Politics-as-usual can’t fix the climate crisis. Maybe it’s time to try a citizens’ assembly | David Farrell
Excerpt from this article from The Guardian:
The climate crisis demands an urgent, realistic and sustained response from governments around the world: such a response will inevitably require sacrifices from all of us. And there lies the rub for our systems of representative democracy.
How can politicians facing short-term constraints (particularly the need to be re-elected every few years) be expected to take the necessary decisions that require long-term and, probably, quite painful change on the part of the citizens who get to vote for them?

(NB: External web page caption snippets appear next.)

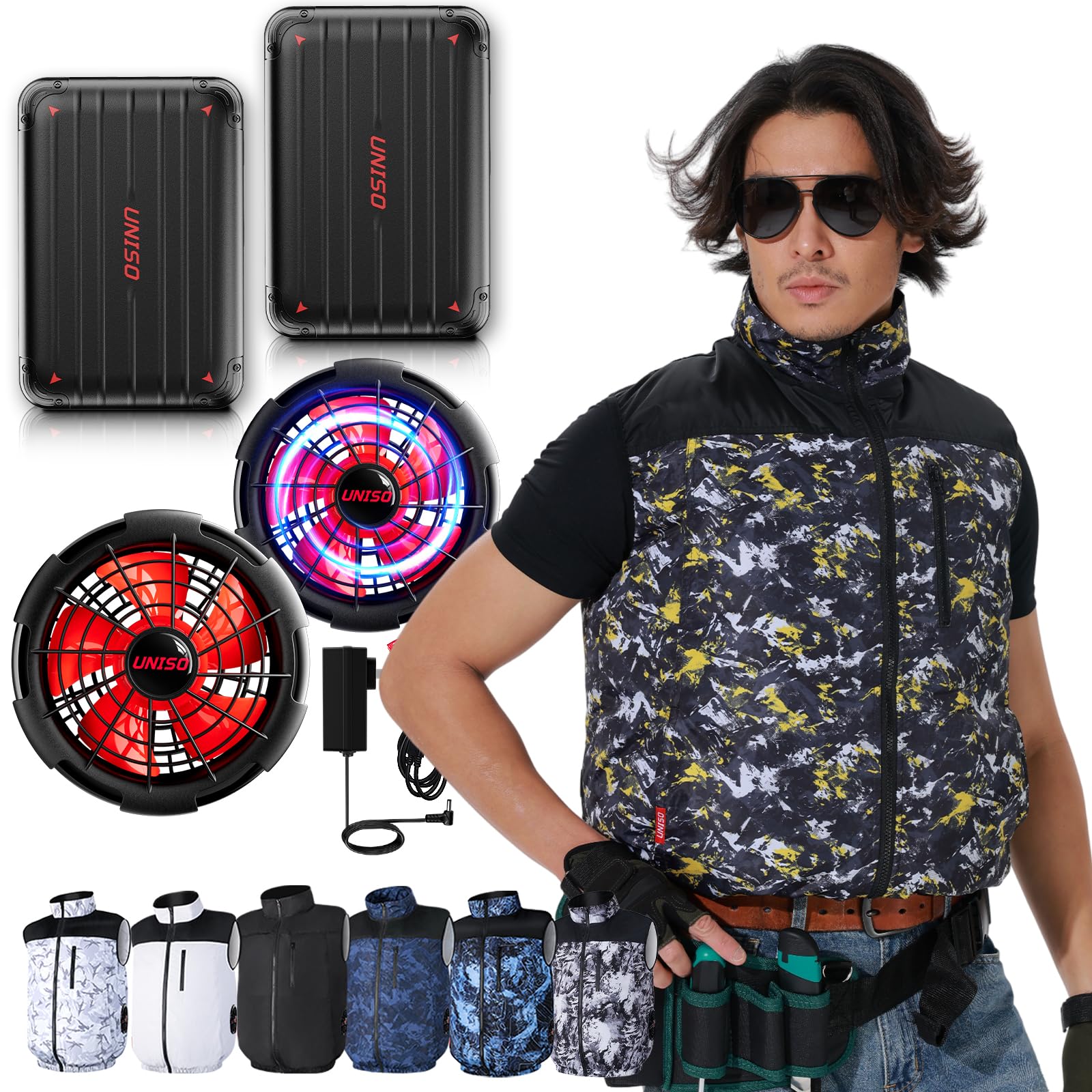UNISO 空調服 ファン 20000mAhバッテリー セット 30V Amazon.co.jp: [UNISO] 【バッテリー 2個セット 30V超高出力 40000mAh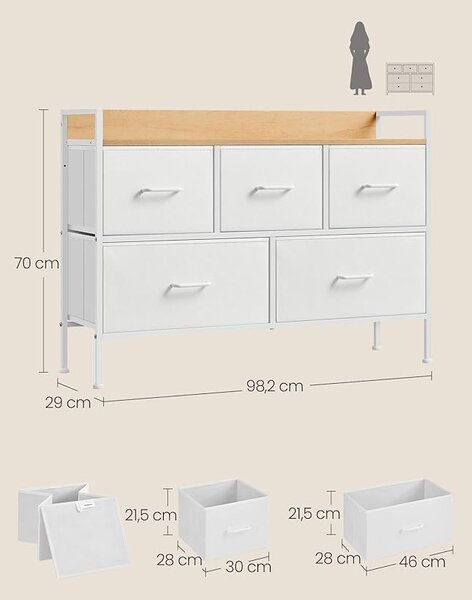 Dulap cu sertare Songmics Bej 98.2x29x70 cm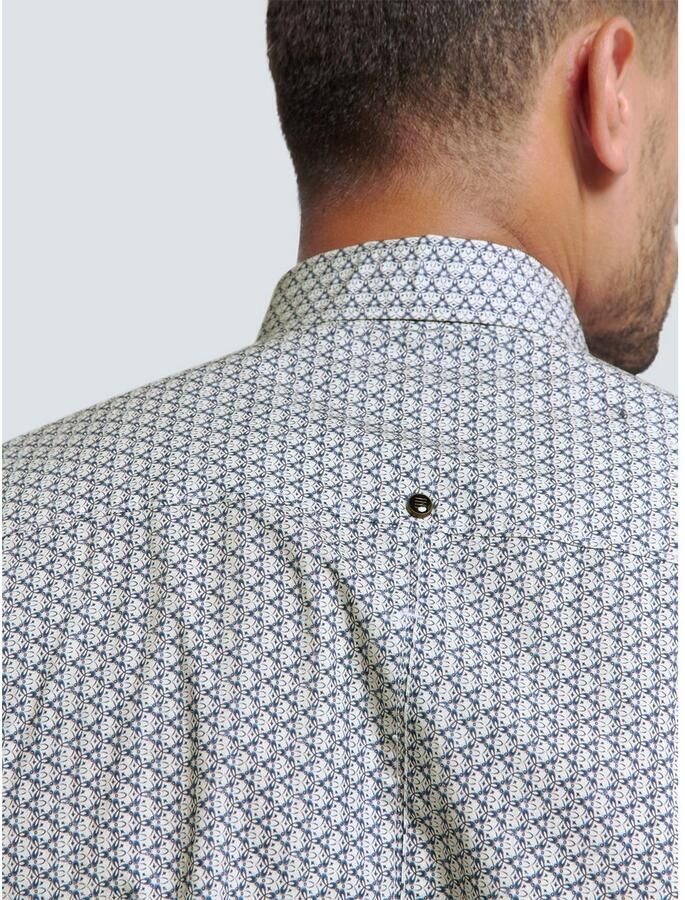 NO EXCESS Overhemd met lange mouwen gedessineerd met knopenrij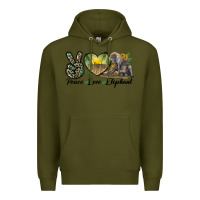 Army Green Peace Love Elephant Premium Hoodie - LillyAllenDesigns
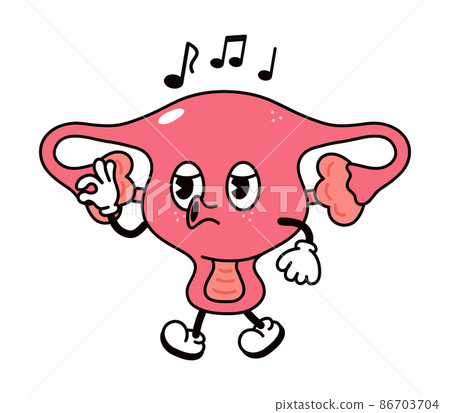 Cute funny uterus walking singing character. Vector hand drawn traditional cartoon vintage, retro, kawaii character illustration icon. Isolated on white background. Happy uterus walk and sing 86703704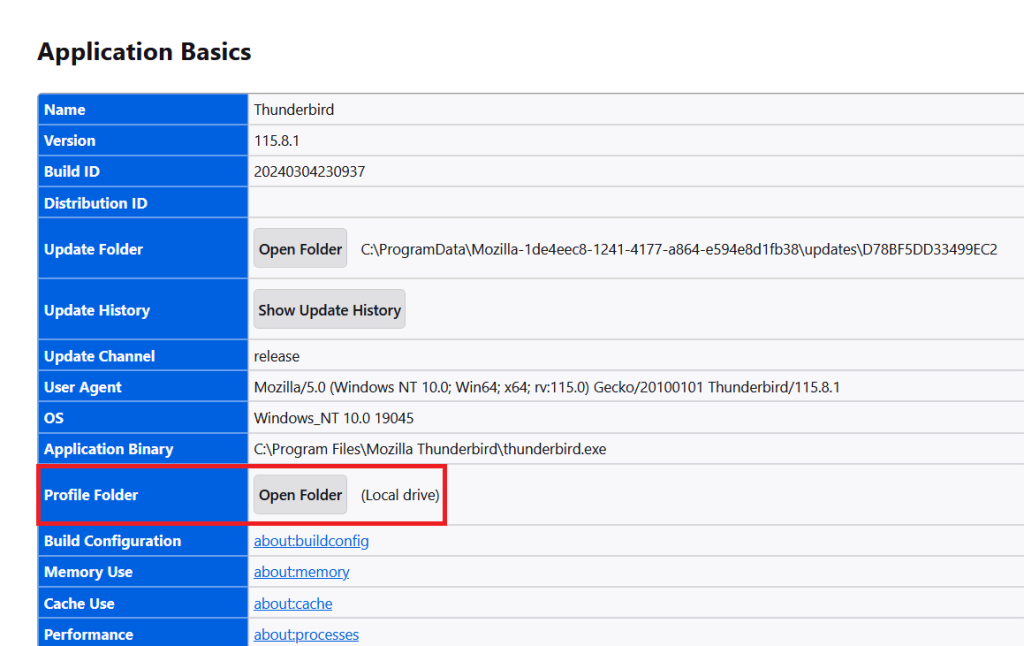 Finding the Profile Folder location on Thunderbird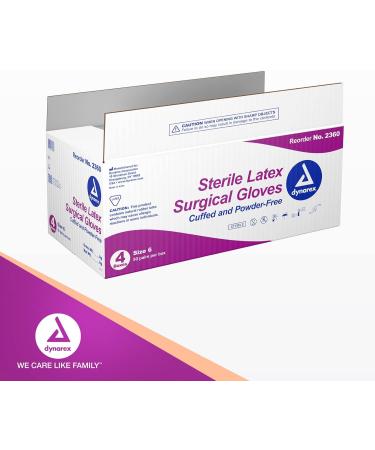 Dynarex Sterile Latex Surgical Gloves Powder-Free Size 6 - 200 Pairs (1 Case) | Medical Grade Healthcare Gloves - Buy Online on GoSupps.com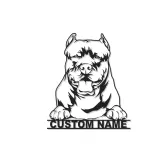 Custom Pit Bull LED Metal Sign | Personalized Dog Silhouette Decor | Pet Memorial Wall Art | Unique Gift for Dog Lovers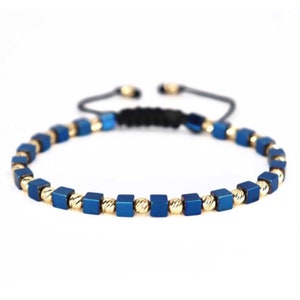 14K Gold Beaded Bracelet Handmade with Blue Hematite Stones, 4 mm Solid Gold Beads and Adjustable Cord, Perfect Gift for Him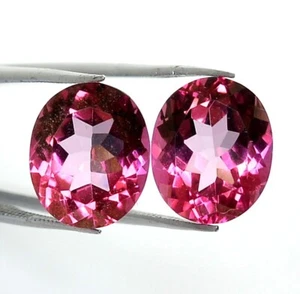 Natural Pink Topaz Oval Cut Pair 12x10 mm 13.60 CTS Faceted Loose Gemstones - Picture 1 of 9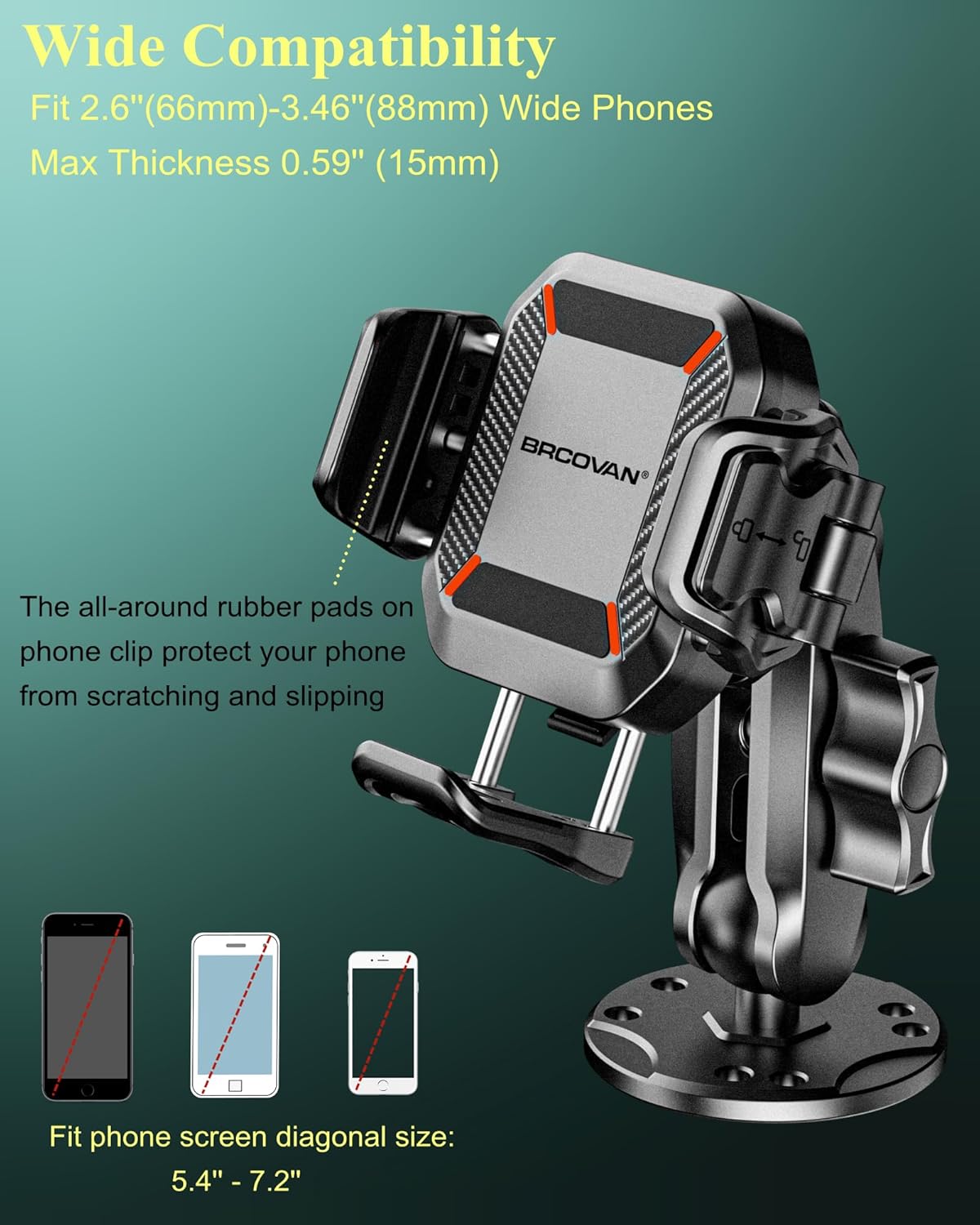 BRCOVAN Anti-Theft Phone Mount Holder with Vibration Dampener [Camera Friendly] [1s Lock & Release] with Aluminum Round Base & Medium Arm, for Car Boat Truck Motorcycle UTV, Fit 5.4-7.2'' Smartphones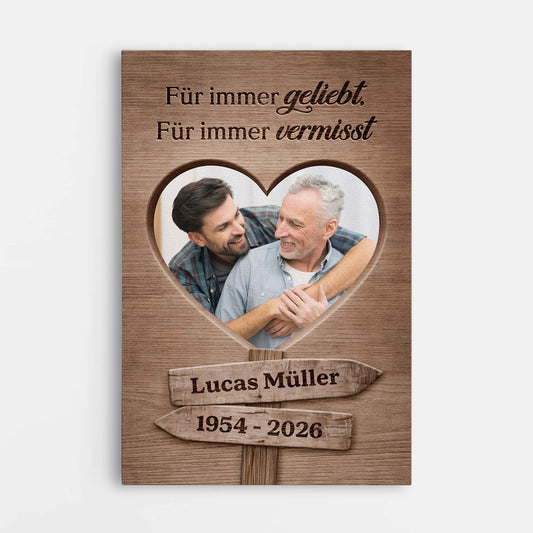 8061CGE1 fur immer geliebt fur immer vermisst personalisierte trauergeschenke leinwand mit foto 8061ccqmi
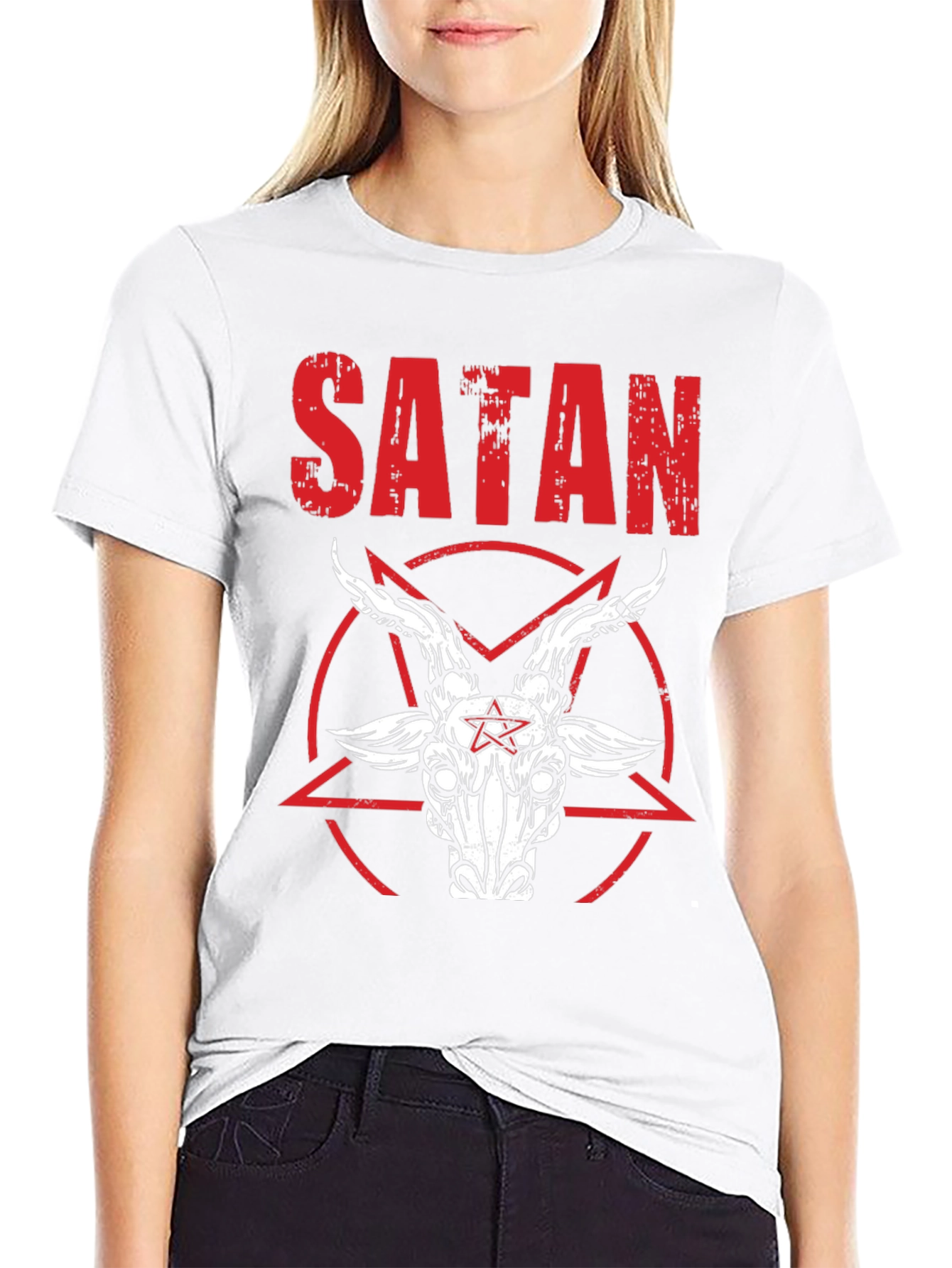 Satanic Goat Head Graphic Tee - Distressed Print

This is where a citizens’ assembly could help, as the experience in Ireland shows. The country’s ban on abortion was an intractable problem that generation after generation of political leaders had failed to resolve. In 2016, under intense domestic and international pressure, the Irish government established a citizens’ assembly and tasked it with coming up with recommendations. It met over the course of five long weekends spread across five months. The 99 citizen members heard from expert witnesses, advocates and women who had been affected by Ireland’s abortion ban. In carefully facilitated roundtable discussions the members deliberated on the subject, producing a series of recommendations that were then sent back to parliament. A special all-party committee of parliament spent a number of months debating the recommendations. The result of this was the decision to have a referendum, which passed by a two-thirds majority in the summer of 2018.
In Britain, the Extinction Rebellion group believes that a citizens’ assemblycould play a similarly important role in addressing the climate emergency. At the heart of a citizens’ assembly is random selection: in much the same way as for jury duty, regular citizens are selected at random. They have not run for office; they are not there to represent special interests. The citizen members are there to represent themselves, and thereby the greater population, of which they are a representative sample.
This is bringing “disorganised society” into the room – giving regular citizens a voice in helping to drive debates on important public policy. These citizens, in turn, are put in the special position of informing and educating the political classes – helping our political leaders to work through the complexities of a difficult issue; informing them of aspects they might not have considered before; giving them a sense of where citizens might be prepared to go; even providing some degree of political cover.